A California police officer has been sentenced to six years in prison for fatally shooting an unarmed mentally ill man nine times as the man drove slowly away from police in a wealthy San Francisco suburb

A California police officer was sentenced Friday to six years in prison for fatally shooting an unarmed mentally ill man nine times as the man drove slowly away from police in a wealthy San Francisco suburb.

Contra Costa County Superior Court Judge Terri Mockler said evidence showed that 33-year-old Laudemer Arboleda was driving 6 miles per hour (10kph) as Danville police officer Andrew Hall fired a barrage of bullets into him that violated his own training and put fellow officers in danger.
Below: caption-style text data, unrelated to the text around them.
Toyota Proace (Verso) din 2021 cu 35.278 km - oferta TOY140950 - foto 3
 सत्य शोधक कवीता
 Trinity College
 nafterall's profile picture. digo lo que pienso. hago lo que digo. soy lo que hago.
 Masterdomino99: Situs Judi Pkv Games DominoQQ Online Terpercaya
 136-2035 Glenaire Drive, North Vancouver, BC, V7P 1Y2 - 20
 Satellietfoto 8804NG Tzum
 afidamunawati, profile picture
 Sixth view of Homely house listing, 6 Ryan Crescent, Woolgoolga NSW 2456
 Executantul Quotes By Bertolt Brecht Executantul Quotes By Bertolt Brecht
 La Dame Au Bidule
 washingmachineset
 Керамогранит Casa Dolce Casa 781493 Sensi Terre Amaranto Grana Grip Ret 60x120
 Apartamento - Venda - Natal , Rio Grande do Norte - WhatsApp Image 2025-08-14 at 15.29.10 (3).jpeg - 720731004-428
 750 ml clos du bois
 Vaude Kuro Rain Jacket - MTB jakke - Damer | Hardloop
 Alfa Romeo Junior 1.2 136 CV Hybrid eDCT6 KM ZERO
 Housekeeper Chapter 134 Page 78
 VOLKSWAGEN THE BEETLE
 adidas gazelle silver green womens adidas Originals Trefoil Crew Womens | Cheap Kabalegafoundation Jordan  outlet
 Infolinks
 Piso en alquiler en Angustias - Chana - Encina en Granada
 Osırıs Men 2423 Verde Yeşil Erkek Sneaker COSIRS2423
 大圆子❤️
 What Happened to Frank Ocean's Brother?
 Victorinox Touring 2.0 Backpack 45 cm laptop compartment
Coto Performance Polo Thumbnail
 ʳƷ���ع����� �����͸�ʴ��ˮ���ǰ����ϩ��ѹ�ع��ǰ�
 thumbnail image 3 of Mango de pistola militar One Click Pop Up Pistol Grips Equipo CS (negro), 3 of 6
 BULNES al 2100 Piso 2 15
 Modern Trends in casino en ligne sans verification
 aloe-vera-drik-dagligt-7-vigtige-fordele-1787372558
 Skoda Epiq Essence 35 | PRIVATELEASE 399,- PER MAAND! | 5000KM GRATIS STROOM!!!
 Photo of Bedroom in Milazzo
Hall made an “extremely poor choice,” the judge said, and Arboleda did not deserve to die for evading an officer.

“While he may have violated the law it was no law that carried a sentence of death for him,” the judge said.

A jury convicted Hall in October of assault with a firearm for the shooting of Arboleda, but jurors deadlocked on another and more serious count of voluntary manslaughter.

The case marked the first time a police officer was charged in an on-duty shooting in Contra Costa County, east of San Francisco, and is part of a push by more prosecutors to punish police misconduct after the killing of George Floyd in Minneapolis set off nationwide calls for social justice.